Listed entries section start

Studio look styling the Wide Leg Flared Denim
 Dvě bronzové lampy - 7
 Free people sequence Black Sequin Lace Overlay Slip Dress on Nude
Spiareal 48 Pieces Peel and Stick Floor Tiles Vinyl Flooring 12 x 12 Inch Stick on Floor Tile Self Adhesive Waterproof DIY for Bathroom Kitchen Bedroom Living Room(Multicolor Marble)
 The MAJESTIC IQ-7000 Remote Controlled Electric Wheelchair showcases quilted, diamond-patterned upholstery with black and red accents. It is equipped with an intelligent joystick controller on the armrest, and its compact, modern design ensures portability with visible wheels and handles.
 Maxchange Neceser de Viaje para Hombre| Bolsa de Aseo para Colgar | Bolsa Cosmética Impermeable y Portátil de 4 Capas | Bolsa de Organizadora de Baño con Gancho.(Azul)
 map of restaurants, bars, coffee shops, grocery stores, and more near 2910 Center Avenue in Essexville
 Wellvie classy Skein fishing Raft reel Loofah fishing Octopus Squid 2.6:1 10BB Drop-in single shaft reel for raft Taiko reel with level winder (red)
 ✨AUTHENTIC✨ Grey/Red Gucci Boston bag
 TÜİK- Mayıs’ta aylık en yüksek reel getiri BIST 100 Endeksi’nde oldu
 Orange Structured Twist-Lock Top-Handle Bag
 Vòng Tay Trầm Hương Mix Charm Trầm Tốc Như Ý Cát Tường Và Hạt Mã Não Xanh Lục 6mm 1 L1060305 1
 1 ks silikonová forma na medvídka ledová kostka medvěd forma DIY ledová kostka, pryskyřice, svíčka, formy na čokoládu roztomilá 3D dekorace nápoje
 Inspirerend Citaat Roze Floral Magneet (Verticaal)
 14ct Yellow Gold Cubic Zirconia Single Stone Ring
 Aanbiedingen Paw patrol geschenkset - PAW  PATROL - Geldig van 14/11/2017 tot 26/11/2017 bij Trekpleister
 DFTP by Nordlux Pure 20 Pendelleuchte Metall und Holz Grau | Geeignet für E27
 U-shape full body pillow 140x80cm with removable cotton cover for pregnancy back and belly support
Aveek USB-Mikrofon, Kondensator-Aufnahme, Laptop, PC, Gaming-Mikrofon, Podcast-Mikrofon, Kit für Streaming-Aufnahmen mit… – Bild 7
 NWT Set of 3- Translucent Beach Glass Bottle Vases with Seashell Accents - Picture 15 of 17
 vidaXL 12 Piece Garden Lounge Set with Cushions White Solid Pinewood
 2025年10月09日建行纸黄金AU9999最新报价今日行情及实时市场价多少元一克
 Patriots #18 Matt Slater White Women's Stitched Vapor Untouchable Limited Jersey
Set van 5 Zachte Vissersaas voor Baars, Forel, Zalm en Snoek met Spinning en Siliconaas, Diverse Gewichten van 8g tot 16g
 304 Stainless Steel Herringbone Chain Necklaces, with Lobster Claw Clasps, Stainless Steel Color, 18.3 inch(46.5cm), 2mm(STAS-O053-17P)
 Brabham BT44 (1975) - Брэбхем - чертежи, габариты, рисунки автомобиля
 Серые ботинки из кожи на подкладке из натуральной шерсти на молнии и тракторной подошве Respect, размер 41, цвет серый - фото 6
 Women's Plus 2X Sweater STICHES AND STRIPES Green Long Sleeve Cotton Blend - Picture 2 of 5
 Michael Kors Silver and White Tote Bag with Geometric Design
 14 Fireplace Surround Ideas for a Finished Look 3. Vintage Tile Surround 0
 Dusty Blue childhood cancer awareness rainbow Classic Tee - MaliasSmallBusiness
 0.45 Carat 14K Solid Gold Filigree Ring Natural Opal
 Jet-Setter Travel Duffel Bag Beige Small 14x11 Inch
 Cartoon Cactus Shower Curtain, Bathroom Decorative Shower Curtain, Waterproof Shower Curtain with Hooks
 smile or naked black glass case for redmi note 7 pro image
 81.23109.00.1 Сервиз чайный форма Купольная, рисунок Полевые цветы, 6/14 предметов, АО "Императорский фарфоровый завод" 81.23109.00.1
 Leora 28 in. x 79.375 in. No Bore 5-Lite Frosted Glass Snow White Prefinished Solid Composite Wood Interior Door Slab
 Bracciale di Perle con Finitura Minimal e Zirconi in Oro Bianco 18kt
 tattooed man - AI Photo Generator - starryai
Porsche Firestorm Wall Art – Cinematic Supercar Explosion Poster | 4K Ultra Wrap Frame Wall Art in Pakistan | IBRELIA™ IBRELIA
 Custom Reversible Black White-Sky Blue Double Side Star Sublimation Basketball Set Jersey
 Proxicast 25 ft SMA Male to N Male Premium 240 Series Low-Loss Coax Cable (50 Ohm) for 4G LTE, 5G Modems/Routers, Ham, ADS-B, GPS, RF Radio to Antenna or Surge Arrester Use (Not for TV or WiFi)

Listed entries section end

### What is required
Repeat each entry exactly as it was given.

### Response
Studio look styling the Wide Leg Flared Denim
 Dvě bronzové lampy - 7
 Free people sequence Black Sequin Lace Overlay Slip Dress on Nude
Spiareal 48 Pieces Peel and Stick Floor Tiles Vinyl Flooring 12 x 12 Inch Stick on Floor Tile Self Adhesive Waterproof DIY for Bathroom Kitchen Bedroom Living Room(Multicolor Marble)
 The MAJESTIC IQ-7000 Remote Controlled Electric Wheelchair showcases quilted, diamond-patterned upholstery with black and red accents. It is equipped with an intelligent joystick controller on the armrest, and its compact, modern design ensures portability with visible wheels and handles.
 Maxchange Neceser de Viaje para Hombre| Bolsa de Aseo para Colgar | Bolsa Cosmética Impermeable y Portátil de 4 Capas | Bolsa de Organizadora de Baño con Gancho.(Azul)
 map of restaurants, bars, coffee shops, grocery stores, and more near 2910 Center Avenue in Essexville
 Wellvie classy Skein fishing Raft reel Loofah fishing Octopus Squid 2.6:1 10BB Drop-in single shaft reel for raft Taiko reel with level winder (red)
 ✨AUTHENTIC✨ Grey/Red Gucci Boston bag
 TÜİK- Mayıs’ta aylık en yüksek reel getiri BIST 100 Endeksi’nde oldu
 Orange Structured Twist-Lock Top-Handle Bag
 Vòng Tay Trầm Hương Mix Charm Trầm Tốc Như Ý Cát Tường Và Hạt Mã Não Xanh Lục 6mm 1 L1060305 1
 1 ks silikonová forma na medvídka ledová kostka medvěd forma DIY ledová kostka, pryskyřice, svíčka, formy na čokoládu roztomilá 3D dekorace nápoje
 Inspirerend Citaat Roze Floral Magneet (Verticaal)
 14ct Yellow Gold Cubic Zirconia Single Stone Ring
 Aanbiedingen Paw patrol geschenkset - PAW  PATROL - Geldig van 14/11/2017 tot 26/11/2017 bij Trekpleister
 DFTP by Nordlux Pure 20 Pendelleuchte Metall und Holz Grau | Geeignet für E27
 U-shape full body pillow 140x80cm with removable cotton cover for pregnancy back and belly support
Aveek USB-Mikrofon, Kondensator-Aufnahme, Laptop, PC, Gaming-Mikrofon, Podcast-Mikrofon, Kit für Streaming-Aufnahmen mit… – Bild 7
 NWT Set of 3- Translucent Beach Glass Bottle Vases with Seashell Accents - Picture 15 of 17
 vidaXL 12 Piece Garden Lounge Set with Cushions White Solid Pinewood
 2025年10月09日建行纸黄金AU9999最新报价今日行情及实时市场价多少元一克
 Patriots #18 Matt Slater White Women's Stitched Vapor Untouchable Limited Jersey
Set van 5 Zachte Vissersaas voor Baars, Forel, Zalm en Snoek met Spinning en Siliconaas, Diverse Gewichten van 8g tot 16g
 304 Stainless Steel Herringbone Chain Necklaces, with Lobster Claw Clasps, Stainless Steel Color, 18.3 inch(46.5cm), 2mm(STAS-O053-17P)
 Brabham BT44 (1975) - Брэбхем - чертежи, габариты, рисунки автомобиля
 Серые ботинки из кожи на подкладке из натуральной шерсти на молнии и тракторной подошве Respect, размер 41, цвет серый - фото 6
 Women's Plus 2X Sweater STICHES AND STRIPES Green Long Sleeve Cotton Blend - Picture 2 of 5
 Michael Kors Silver and White Tote Bag with Geometric Design
 14 Fireplace Surround Ideas for a Finished Look 3. Vintage Tile Surround 0
 Dusty Blue childhood cancer awareness rainbow Classic Tee - MaliasSmallBusiness
 0.45 Carat 14K Solid Gold Filigree Ring Natural Opal
 Jet-Setter Travel Duffel Bag Beige Small 14x11 Inch
 Cartoon Cactus Shower Curtain, Bathroom Decorative Shower Curtain, Waterproof Shower Curtain with Hooks
 smile or naked black glass case for redmi note 7 pro image
 81.23109.00.1 Сервиз чайный форма Купольная, рисунок Полевые цветы, 6/14 предметов, АО "Императорский фарфоровый завод" 81.23109.00.1
 Leora 28 in. x 79.375 in. No Bore 5-Lite Frosted Glass Snow White Prefinished Solid Composite Wood Interior Door Slab
 Bracciale di Perle con Finitura Minimal e Zirconi in Oro Bianco 18kt
 tattooed man - AI Photo Generator - starryai
Porsche Firestorm Wall Art – Cinematic Supercar Explosion Poster | 4K Ultra Wrap Frame Wall Art in Pakistan | IBRELIA™ IBRELIA
 Custom Reversible Black White-Sky Blue Double Side Star Sublimation Basketball Set Jersey
 Proxicast 25 ft SMA Male to N Male Premium 240 Series Low-Loss Coax Cable (50 Ohm) for 4G LTE, 5G Modems/Routers, Ham, ADS-B, GPS, RF Radio to Antenna or Surge Arrester Use (Not for TV or WiFi)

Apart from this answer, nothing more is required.